Extracted information ▸

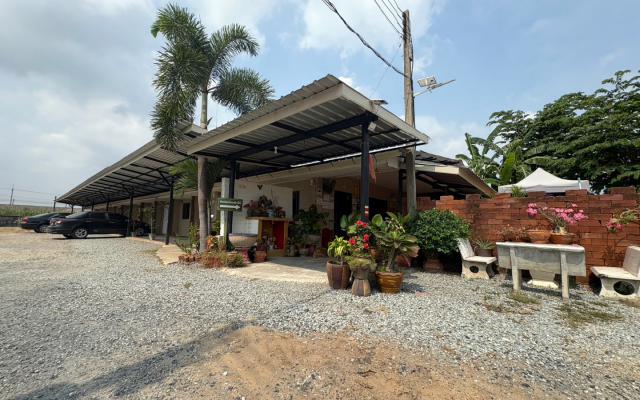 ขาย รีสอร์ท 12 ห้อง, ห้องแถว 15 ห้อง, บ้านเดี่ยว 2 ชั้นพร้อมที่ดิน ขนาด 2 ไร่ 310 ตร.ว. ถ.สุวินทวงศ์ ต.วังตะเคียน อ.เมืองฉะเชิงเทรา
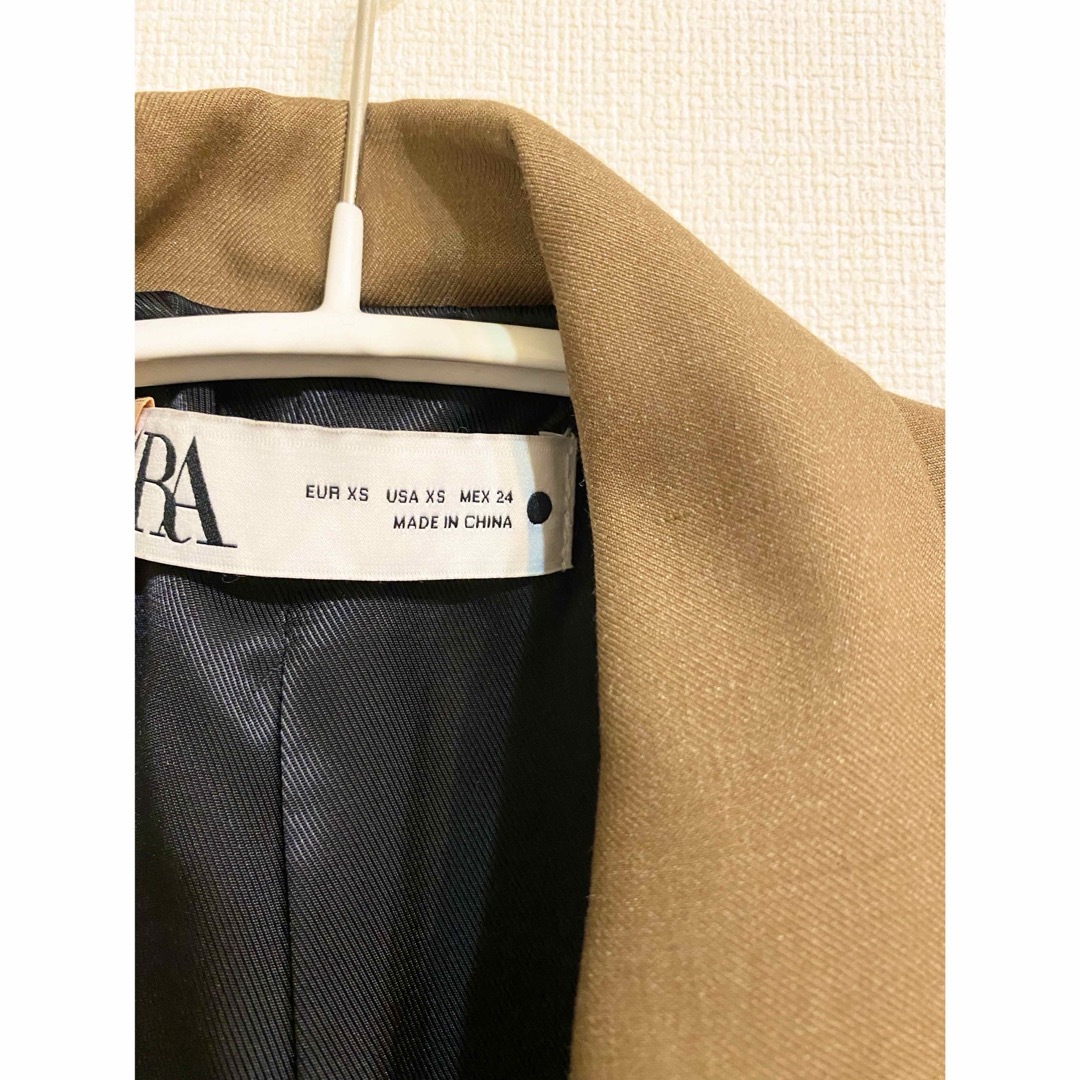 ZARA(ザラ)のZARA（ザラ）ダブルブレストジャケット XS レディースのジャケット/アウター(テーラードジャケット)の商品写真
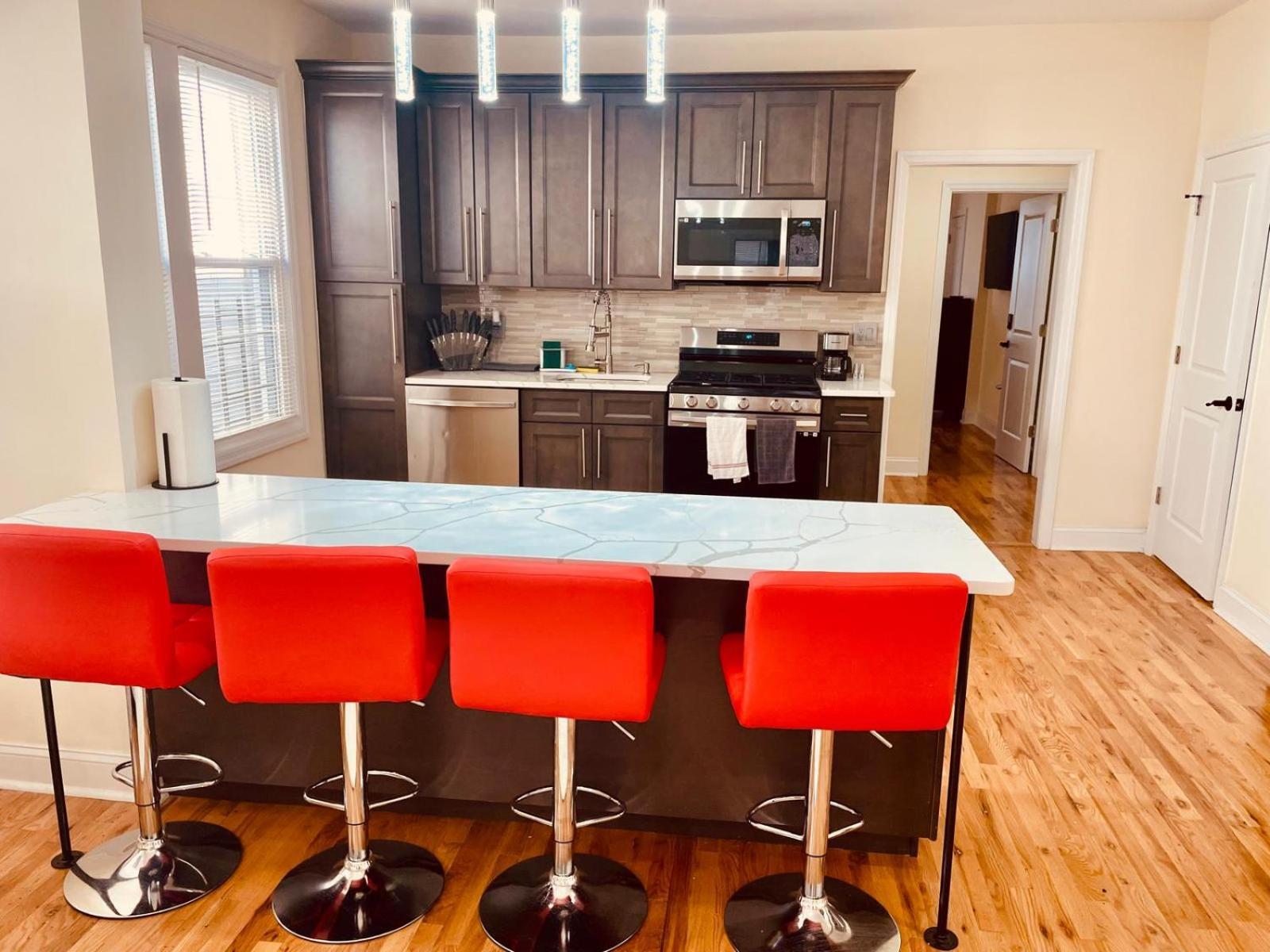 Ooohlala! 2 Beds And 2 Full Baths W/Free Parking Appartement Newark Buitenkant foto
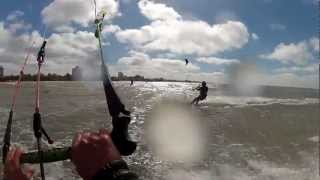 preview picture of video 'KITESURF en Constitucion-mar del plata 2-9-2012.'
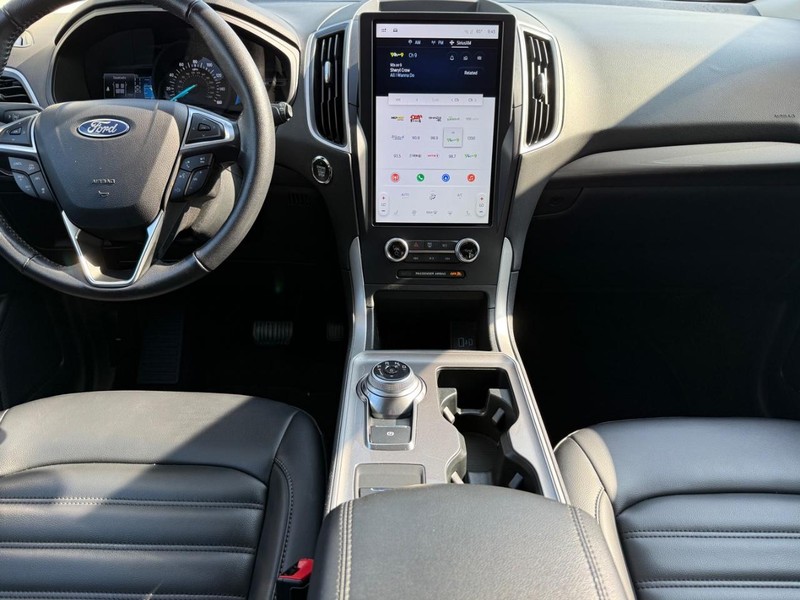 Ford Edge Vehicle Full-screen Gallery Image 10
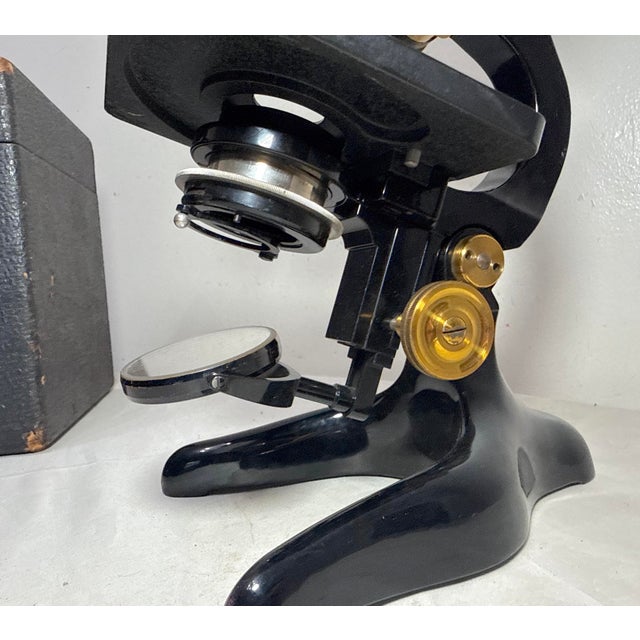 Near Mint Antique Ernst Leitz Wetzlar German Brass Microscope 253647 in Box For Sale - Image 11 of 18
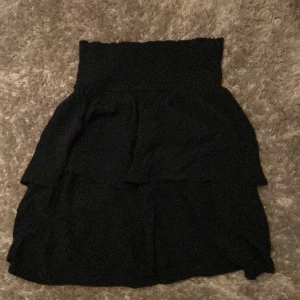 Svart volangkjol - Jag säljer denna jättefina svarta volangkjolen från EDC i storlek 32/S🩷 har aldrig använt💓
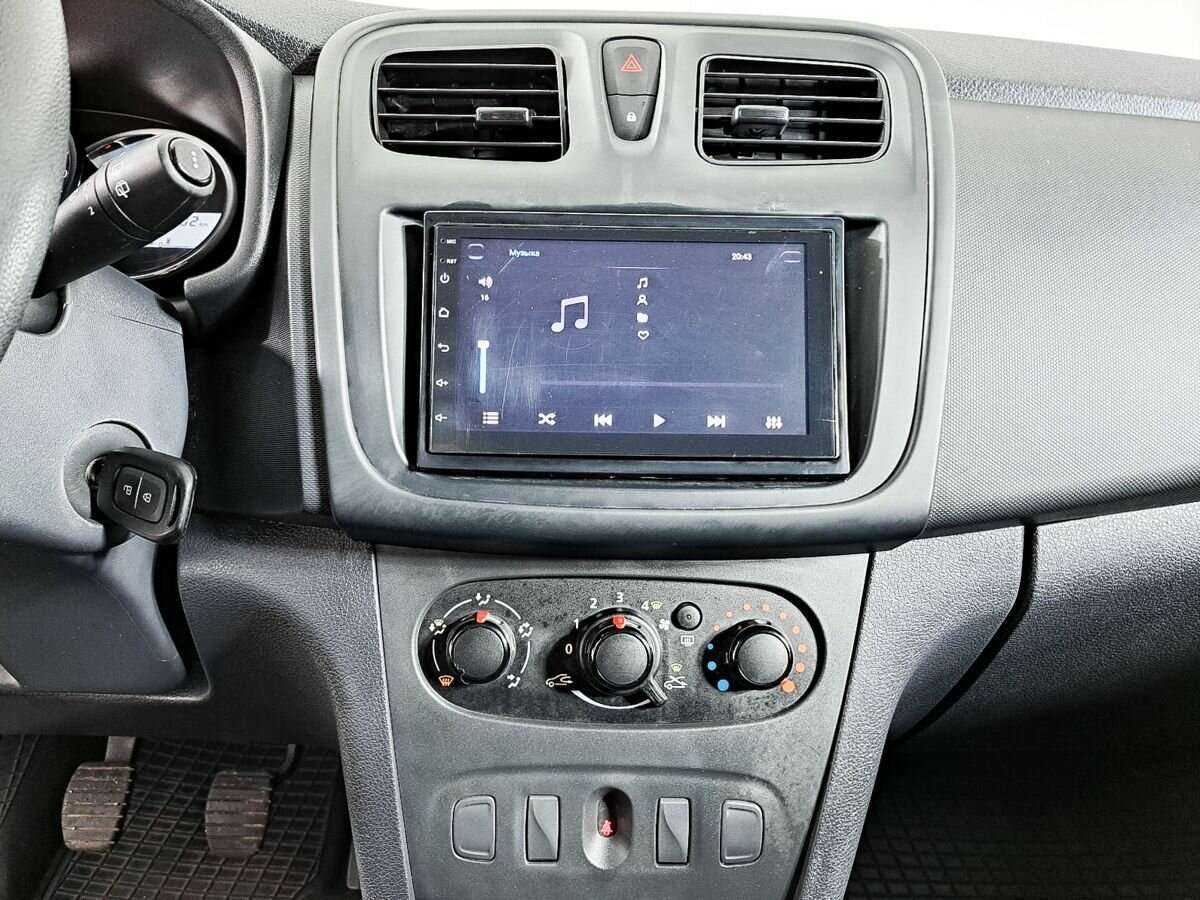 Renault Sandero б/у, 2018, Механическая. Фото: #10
...
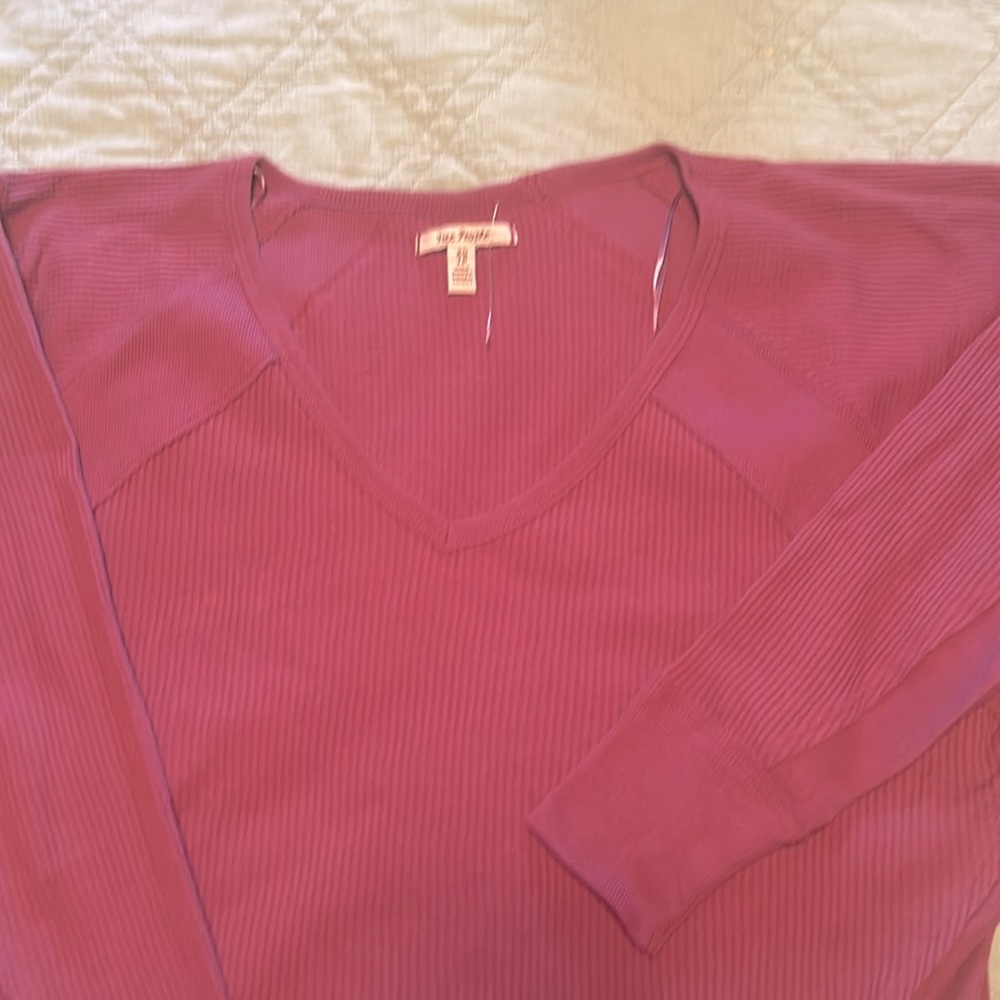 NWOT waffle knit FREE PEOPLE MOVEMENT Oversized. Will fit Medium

What is being asked ▸ Everything from the line with "Ford Edge Vehicle" through the line with "Renault Sandero б/у, 2018, Механическая." in the material above should be transcribed exactly, except the pictures.

Solution ▸
 Ford Edge Vehicle Full-screen Gallery Image 10
 Near Mint Antique Ernst Leitz Wetzlar German Brass Microscope 253647 in Box For Sale - Image 11 of 18
 Svart volangkjol - Jag säljer denna jättefina svarta volangkjolen från EDC i storlek 32/S🩷 har aldrig använt💓
 Renault Sandero б/у, 2018, Механическая. Фото: #10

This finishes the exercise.